This wonderful story will simply tug at your heart. Set at the beginning of summer, in the late 1960s, in North Carolina between two twelve year old girls and their grandmothers, one is white and the other is of color.
Sarah tells the story of how she is reading her library book outside when she should be watching her younger sister Robin. Then the unthinkable happens! Robin is hit by a car. (AND this is only the first page.) Sarah wrestles with herself throughout the book blaming Robin’s accident on herself for not watching Robin more closely. Sarah will be the best sister possible this summer to make up for this accident which has left active, fun loving Robin in a full body cast. Sarah’s parents deem it necessary to give up living in town with a mortgage if they are going to be able to pay for all of the medical bills Robin’s accident will incur. So Sarah’s family move out into the country by her grandparents’ house to live rent free in her Great Uncle John’s old house. Out in the country away from town folks eyes Ruby Lee and Sarah are the best of friends. They have been ever since they were little. Out in the country, Sarah finally is faced with her own ‘white privilege’ when the upcoming school year draws closer. Sarah and Ruby Lee will both be going to the first integrated school in their area. Both of their grand mothers telling them they will not be able to be friends at school where others can see. “Miss Irene sat down across from Granny, ‘Praise Jesus,’ she said. ‘ Maybelle, I need you to help set these girls straight…’
” ‘Sarah, are you ready to be called bad names? How you gonna feel when Betsy Carter doesn’t invite you to her birthday party? Or when you’re not welcome at the lunch table?’ “…
“Miss Irene held up her hand …’Now it’s my turn. Ruby Lee, you better mind your place. The colored children will call you uppity, and the white children will treat you like something bad they stepped in.’ (83)
Later, other words are spoken, some in anger between Ruby Lee and Sarah. Now, once best friends do not speak to each other for the rest of the summer.

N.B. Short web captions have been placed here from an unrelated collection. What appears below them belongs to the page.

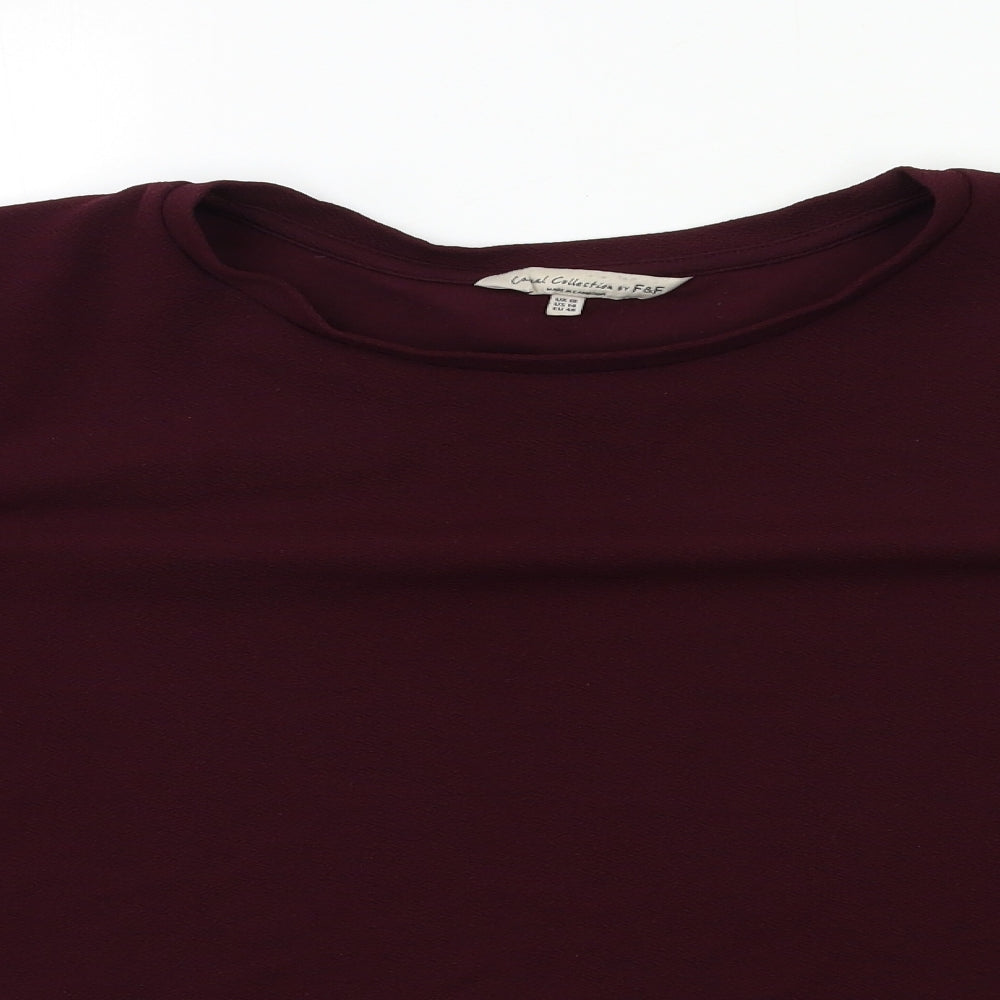 F&F Womens Purple   Basic Blouse Size 18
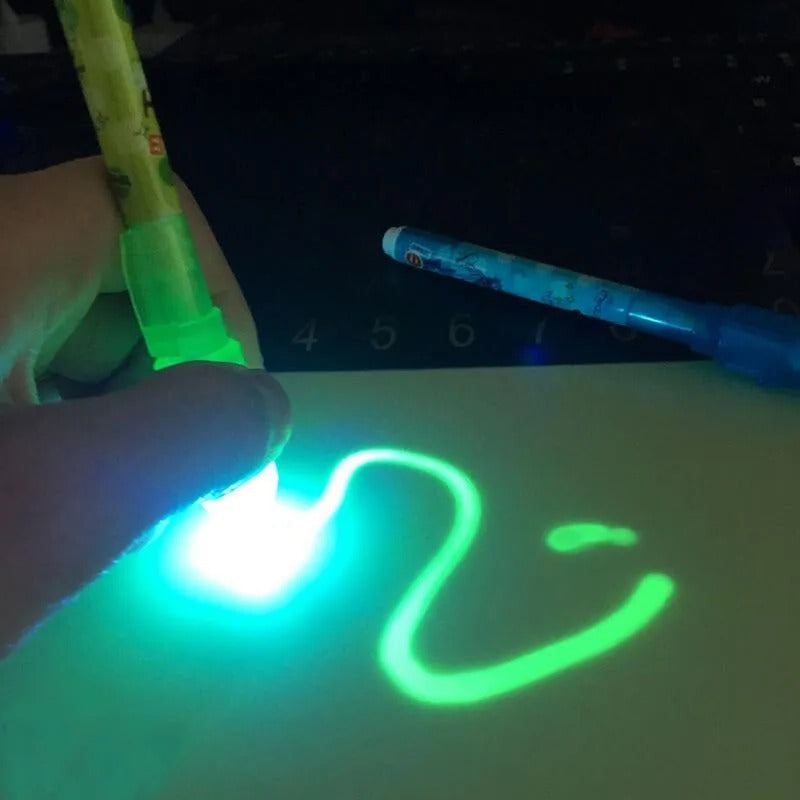 Magic LED Light Drawing Pad for Kids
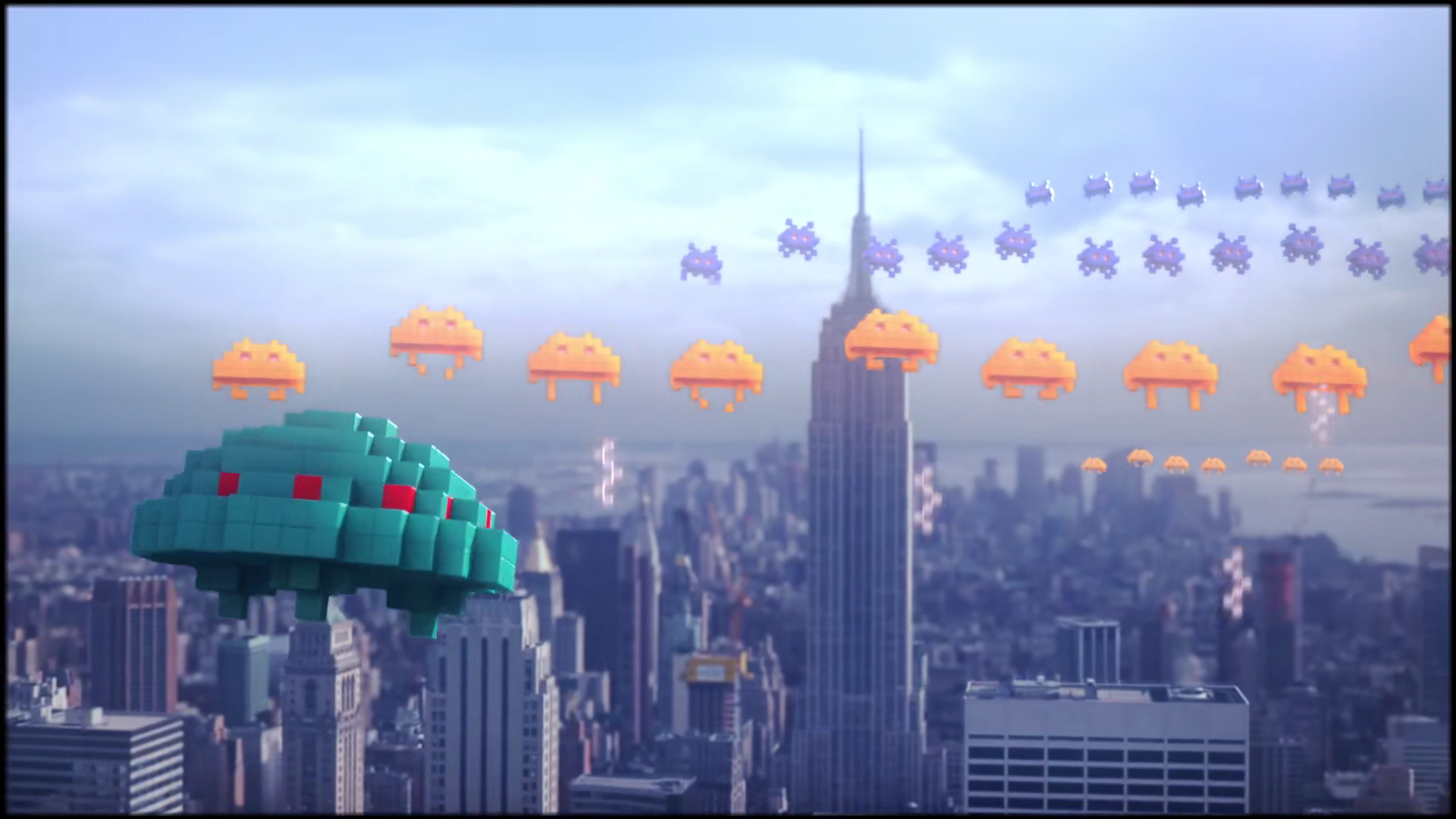 像素入侵剧照的剧照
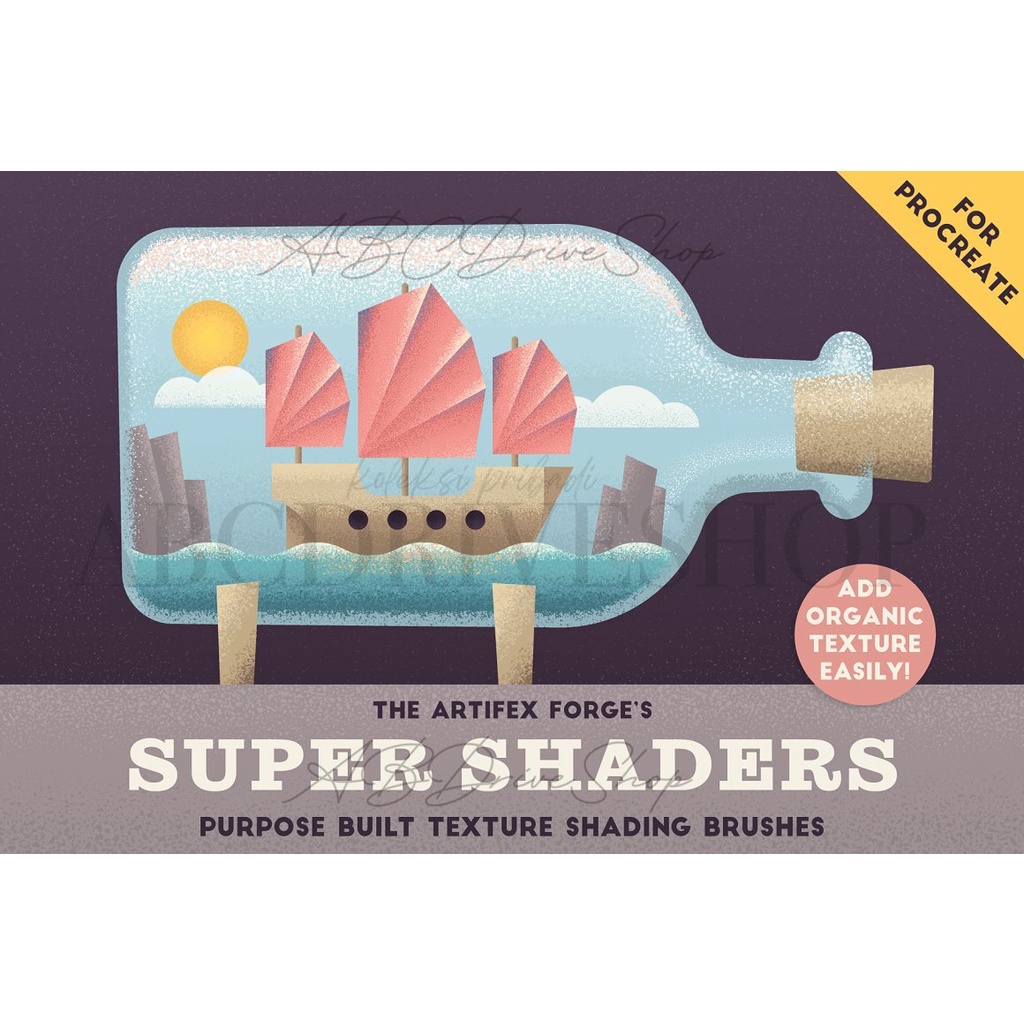 Procreate Brush - Super Shaders Procreate Brushes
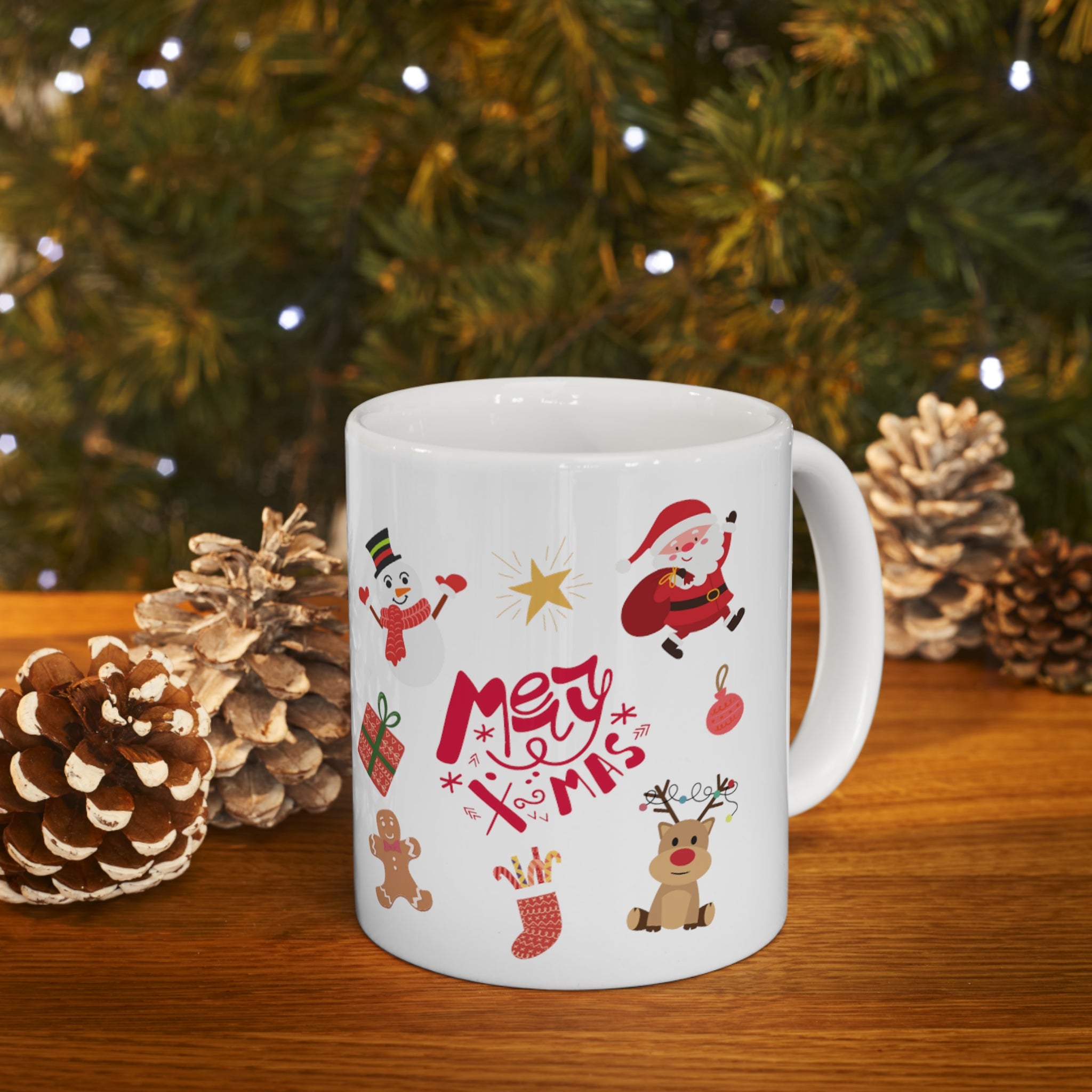 Merry Christmas Crew Ceramic Mug 11oz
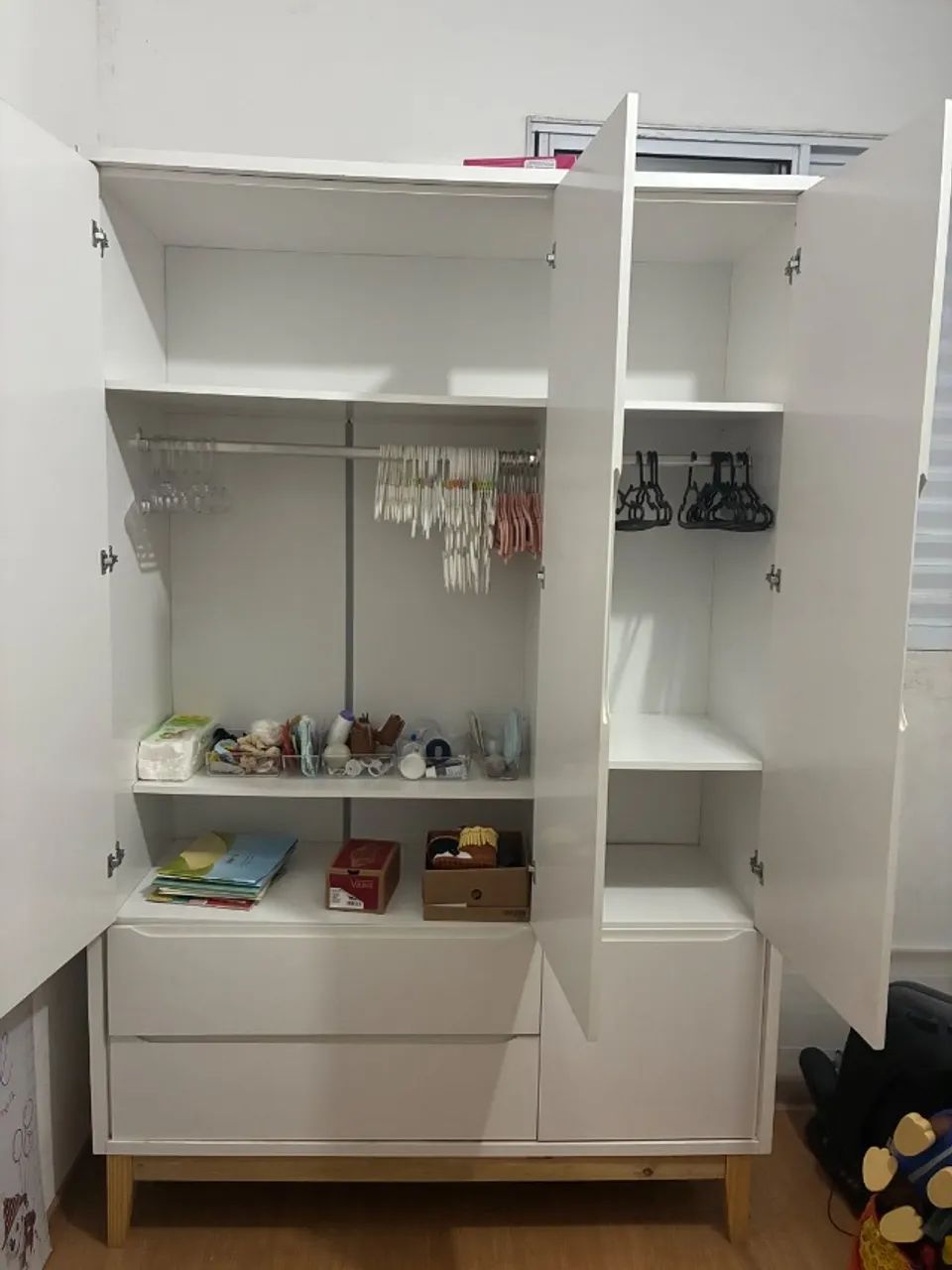 Guarda roupa infantil New Classic Branco  - Foto 2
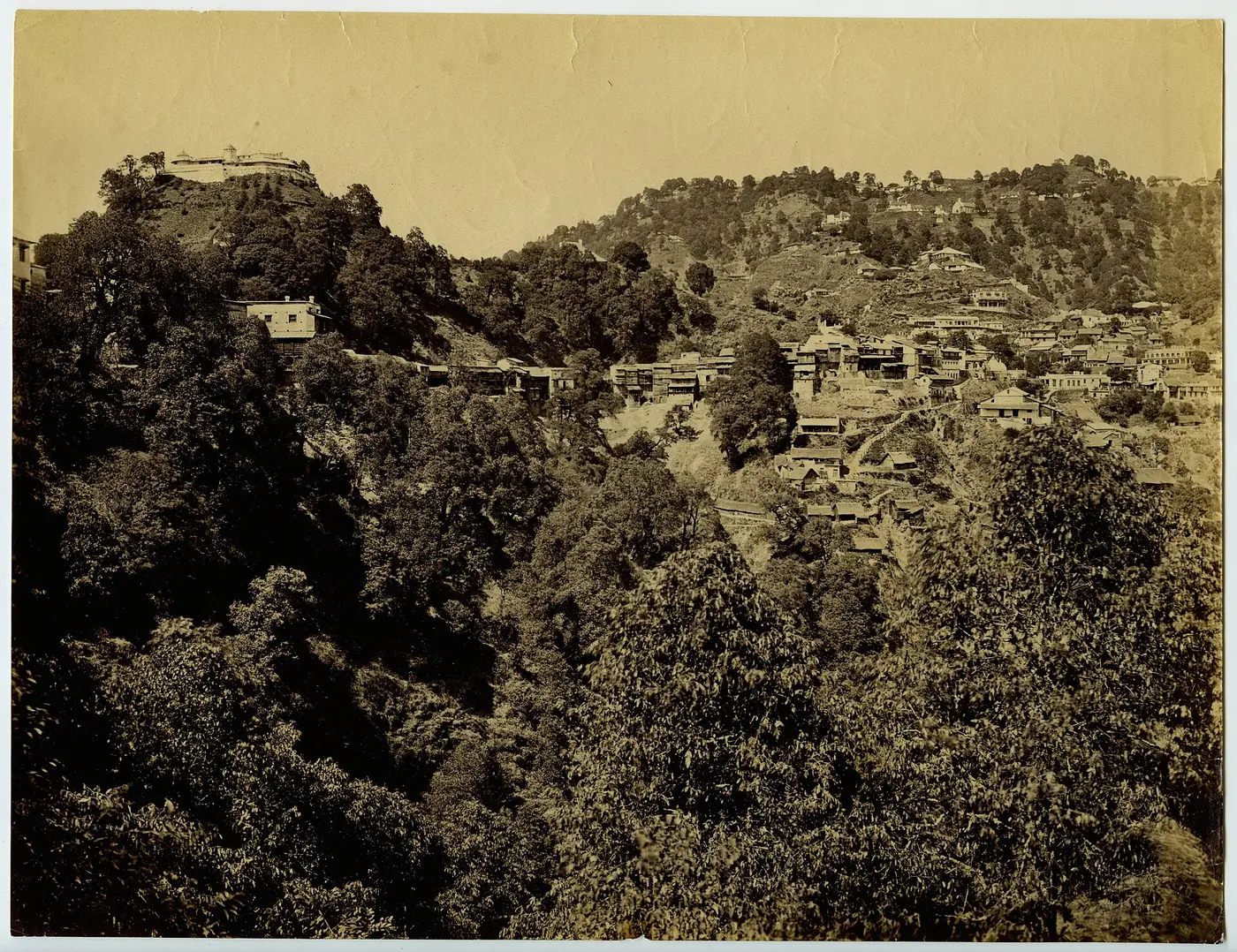 Garhwal Himalayan hills near Mussoorie, Uttarakhand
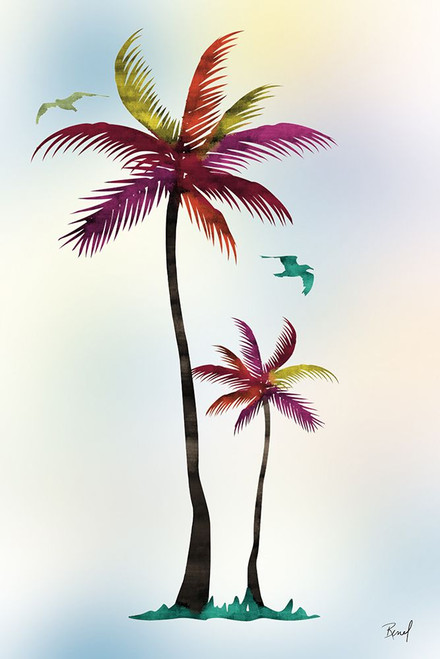 Tropical Palms 2 Poster Print - Renel Peters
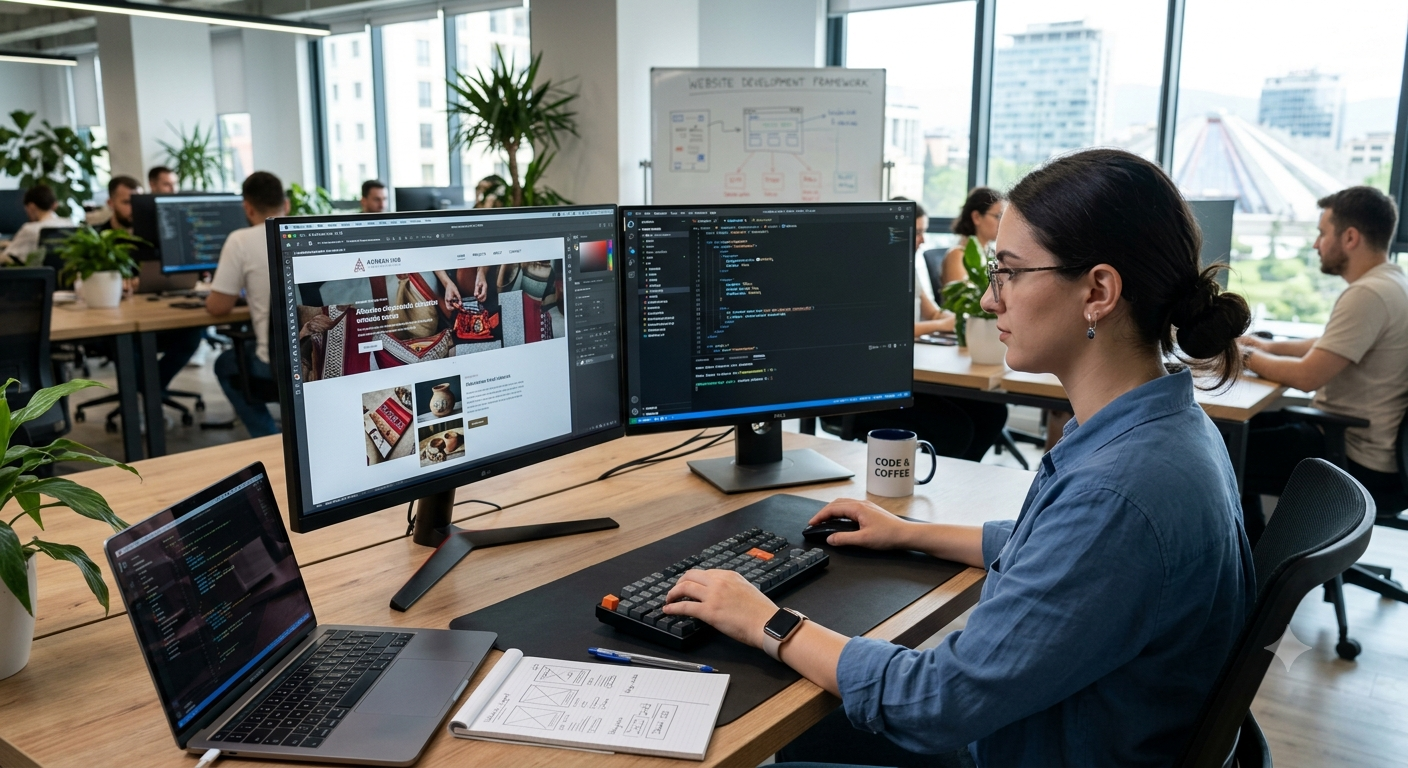 Trendet e web design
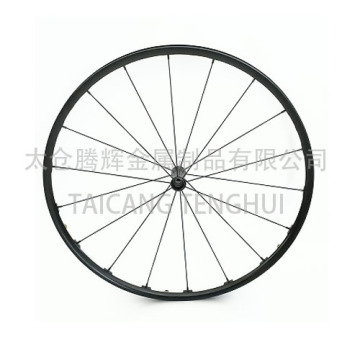 Roda traseira de cadeira de rodas prateada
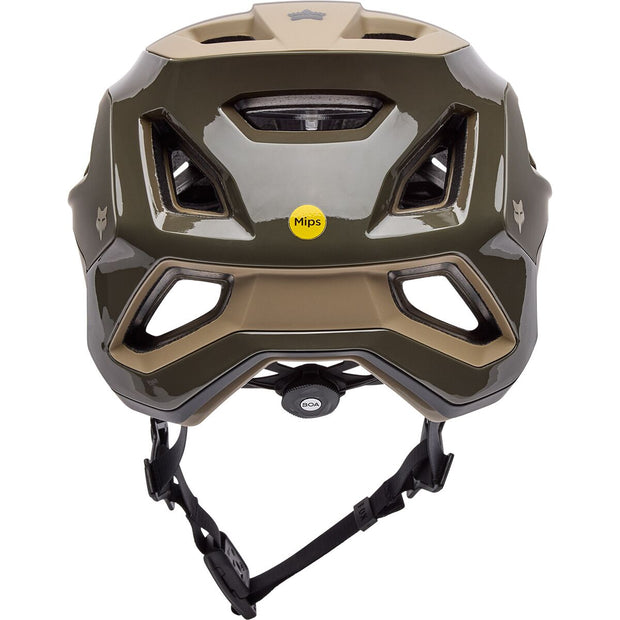 Fox Speedframe RS Paranoid Mountain Bike Helmet, Military, Rear View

Miss Irene and Granny work together to help keep the Ice Cream Social (before the first day of integrated school) peaceful. As the people begin to leave the ice cream social, feeling are heightened when it is revealed “Somebody had keyed the awful word across the side” of the ‘colored’ teacher’s car. (171) ” I hung my head, feeling more hopeless than I ever had before, but Mrs. Smyre’s voice rang out. She sang the words to ‘We Shall Overcome.’ …Then lots of people started singing. White or black, it made no difference, everybody’s voices blended.” (172)
A few days later, on a Sunday morning, Granny and Sarah find themselves alone in the kitchen making breakfast. Granny ruptures one of the bulging veins in her leg. The bleeding turns into an emergency. Sarah is forced to drive Granny in grandpa’s old farm truck to the hospital. There Sarah is eventually reunited with her parents because of Robin’s physical therapy at the hospital. Shortly, Ruby Lee shows up at the hospital because you can’t hide news like that in a small town. Tensions are eased while at the hospital between Sarah and her own guilt over Robin’s accident and between Ruby Lee and Sarah, as well.